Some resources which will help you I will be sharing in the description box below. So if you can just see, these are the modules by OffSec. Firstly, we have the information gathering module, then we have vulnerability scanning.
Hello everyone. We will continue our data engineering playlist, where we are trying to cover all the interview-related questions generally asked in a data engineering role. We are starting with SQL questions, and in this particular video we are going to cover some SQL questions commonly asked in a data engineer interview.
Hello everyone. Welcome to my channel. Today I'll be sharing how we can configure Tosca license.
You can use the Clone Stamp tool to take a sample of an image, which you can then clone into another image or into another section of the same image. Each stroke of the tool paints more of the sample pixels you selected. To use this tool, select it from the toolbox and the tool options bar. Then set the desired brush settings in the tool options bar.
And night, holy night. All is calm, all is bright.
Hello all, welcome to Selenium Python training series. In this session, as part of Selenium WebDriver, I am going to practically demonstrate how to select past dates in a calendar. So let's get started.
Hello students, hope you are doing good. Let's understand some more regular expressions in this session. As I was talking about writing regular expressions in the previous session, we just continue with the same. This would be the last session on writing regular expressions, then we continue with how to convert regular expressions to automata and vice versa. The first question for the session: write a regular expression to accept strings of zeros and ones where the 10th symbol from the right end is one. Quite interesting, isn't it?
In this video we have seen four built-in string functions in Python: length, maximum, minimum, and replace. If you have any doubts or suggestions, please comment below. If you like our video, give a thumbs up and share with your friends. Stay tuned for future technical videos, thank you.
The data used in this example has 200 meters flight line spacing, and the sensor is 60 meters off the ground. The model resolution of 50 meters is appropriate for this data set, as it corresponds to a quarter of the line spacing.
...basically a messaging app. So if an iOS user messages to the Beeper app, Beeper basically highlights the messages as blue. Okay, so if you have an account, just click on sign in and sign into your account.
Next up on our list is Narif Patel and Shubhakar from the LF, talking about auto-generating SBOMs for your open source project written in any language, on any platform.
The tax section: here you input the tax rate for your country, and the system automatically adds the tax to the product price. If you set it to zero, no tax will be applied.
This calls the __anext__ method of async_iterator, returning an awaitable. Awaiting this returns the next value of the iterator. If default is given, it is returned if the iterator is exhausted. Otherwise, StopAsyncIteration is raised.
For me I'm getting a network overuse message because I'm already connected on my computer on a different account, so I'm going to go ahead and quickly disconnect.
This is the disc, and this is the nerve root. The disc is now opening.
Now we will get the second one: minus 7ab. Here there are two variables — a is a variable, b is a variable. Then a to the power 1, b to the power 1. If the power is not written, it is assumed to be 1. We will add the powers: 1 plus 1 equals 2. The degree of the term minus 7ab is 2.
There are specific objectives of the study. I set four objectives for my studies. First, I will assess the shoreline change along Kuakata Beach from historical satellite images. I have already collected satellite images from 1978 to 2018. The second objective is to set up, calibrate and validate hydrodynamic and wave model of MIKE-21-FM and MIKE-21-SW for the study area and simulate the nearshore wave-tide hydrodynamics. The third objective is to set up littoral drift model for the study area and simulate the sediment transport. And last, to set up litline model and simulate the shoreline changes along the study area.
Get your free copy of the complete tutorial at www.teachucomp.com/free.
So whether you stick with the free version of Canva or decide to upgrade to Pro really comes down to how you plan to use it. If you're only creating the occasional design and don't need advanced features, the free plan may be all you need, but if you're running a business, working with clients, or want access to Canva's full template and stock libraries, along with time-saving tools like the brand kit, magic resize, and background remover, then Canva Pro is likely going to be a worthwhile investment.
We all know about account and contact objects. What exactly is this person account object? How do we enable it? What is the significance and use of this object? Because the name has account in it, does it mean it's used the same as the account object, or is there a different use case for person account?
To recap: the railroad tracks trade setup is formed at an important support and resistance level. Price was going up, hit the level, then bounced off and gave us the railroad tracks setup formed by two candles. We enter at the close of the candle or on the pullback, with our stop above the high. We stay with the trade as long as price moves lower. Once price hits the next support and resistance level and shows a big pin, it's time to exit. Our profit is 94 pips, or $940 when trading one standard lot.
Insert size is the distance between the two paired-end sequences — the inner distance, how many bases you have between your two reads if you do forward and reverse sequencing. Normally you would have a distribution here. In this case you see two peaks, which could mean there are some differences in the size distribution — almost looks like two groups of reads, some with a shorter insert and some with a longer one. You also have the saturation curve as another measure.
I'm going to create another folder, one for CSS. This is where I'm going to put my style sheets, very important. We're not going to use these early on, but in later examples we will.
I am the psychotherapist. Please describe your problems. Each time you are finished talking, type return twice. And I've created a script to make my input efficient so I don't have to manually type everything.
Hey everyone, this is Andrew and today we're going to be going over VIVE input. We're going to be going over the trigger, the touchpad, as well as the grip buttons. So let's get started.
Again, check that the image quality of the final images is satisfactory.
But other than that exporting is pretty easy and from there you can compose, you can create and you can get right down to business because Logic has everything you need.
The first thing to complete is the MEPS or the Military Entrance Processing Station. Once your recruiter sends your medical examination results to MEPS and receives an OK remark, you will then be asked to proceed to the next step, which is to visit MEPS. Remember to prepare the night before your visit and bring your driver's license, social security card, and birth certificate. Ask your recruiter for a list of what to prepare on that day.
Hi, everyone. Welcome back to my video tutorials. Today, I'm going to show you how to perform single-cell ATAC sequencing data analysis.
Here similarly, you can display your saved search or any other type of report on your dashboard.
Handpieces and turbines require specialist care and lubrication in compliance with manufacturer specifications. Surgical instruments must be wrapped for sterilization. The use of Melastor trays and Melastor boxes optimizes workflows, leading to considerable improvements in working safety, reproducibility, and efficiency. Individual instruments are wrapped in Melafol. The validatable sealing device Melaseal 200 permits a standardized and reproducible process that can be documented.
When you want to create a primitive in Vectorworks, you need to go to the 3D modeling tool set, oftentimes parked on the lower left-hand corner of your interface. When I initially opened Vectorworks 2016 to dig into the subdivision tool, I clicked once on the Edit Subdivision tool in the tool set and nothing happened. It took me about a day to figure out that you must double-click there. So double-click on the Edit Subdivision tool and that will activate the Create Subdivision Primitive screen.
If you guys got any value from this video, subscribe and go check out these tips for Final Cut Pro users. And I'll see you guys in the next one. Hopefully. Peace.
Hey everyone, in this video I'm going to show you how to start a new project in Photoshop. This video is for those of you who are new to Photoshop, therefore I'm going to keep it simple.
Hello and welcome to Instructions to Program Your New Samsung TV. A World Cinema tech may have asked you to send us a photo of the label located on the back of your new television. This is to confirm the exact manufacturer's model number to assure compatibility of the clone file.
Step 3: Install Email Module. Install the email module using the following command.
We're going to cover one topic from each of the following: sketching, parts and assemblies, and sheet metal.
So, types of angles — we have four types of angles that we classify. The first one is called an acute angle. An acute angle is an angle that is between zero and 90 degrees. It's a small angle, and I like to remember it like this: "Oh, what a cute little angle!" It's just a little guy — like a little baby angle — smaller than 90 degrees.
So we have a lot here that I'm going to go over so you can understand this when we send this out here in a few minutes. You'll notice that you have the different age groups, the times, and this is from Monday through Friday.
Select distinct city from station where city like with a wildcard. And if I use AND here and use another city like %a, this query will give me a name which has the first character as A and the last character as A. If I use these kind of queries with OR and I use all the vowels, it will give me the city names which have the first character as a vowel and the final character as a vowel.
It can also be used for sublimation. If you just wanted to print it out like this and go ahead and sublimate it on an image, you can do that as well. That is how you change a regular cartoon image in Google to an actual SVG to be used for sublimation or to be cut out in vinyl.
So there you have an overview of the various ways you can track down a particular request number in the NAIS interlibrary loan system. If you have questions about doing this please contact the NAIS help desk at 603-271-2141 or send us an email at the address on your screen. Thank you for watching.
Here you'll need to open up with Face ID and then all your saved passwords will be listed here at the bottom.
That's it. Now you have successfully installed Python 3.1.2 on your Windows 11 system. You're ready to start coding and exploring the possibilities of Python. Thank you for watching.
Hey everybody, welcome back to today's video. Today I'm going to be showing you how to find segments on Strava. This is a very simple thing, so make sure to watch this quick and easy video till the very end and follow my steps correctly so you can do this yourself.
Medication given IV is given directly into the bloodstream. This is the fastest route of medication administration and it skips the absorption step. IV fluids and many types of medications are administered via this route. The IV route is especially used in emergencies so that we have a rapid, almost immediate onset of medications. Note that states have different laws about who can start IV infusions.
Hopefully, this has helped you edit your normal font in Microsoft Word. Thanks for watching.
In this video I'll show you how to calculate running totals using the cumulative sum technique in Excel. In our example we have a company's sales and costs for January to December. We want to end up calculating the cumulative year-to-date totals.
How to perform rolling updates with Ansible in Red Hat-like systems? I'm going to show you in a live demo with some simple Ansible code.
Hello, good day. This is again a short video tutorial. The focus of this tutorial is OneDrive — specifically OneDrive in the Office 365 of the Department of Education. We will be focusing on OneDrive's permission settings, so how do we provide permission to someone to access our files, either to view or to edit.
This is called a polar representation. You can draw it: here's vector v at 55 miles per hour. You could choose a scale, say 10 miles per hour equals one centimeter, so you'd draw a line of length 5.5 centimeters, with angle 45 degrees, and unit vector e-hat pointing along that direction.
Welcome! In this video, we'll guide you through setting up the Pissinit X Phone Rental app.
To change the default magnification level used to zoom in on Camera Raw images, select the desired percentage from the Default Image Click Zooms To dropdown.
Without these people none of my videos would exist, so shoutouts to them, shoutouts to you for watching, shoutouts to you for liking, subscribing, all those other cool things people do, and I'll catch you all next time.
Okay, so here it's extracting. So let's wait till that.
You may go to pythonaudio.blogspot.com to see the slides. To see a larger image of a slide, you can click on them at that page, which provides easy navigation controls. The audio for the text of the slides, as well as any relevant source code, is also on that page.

================

**WHAT NEEDS TO BE DONE**
Beginning with the line holding "So, types of" and ending with the line holding "So we have a", write out the stretch of material above exactly; add no further lines.

**EXPECTED ANSWER**
So, types of angles — we have four types of angles that we classify. The first one is called an acute angle. An acute angle is an angle that is between zero and 90 degrees. It's a small angle, and I like to remember it like this: "Oh, what a cute little angle!" It's just a little guy — like a little baby angle — smaller than 90 degrees.
So we have a lot here that I'm going to go over so you can understand this when we send this out here in a few minutes. You'll notice that you have the different age groups, the times, and this is from Monday through Friday.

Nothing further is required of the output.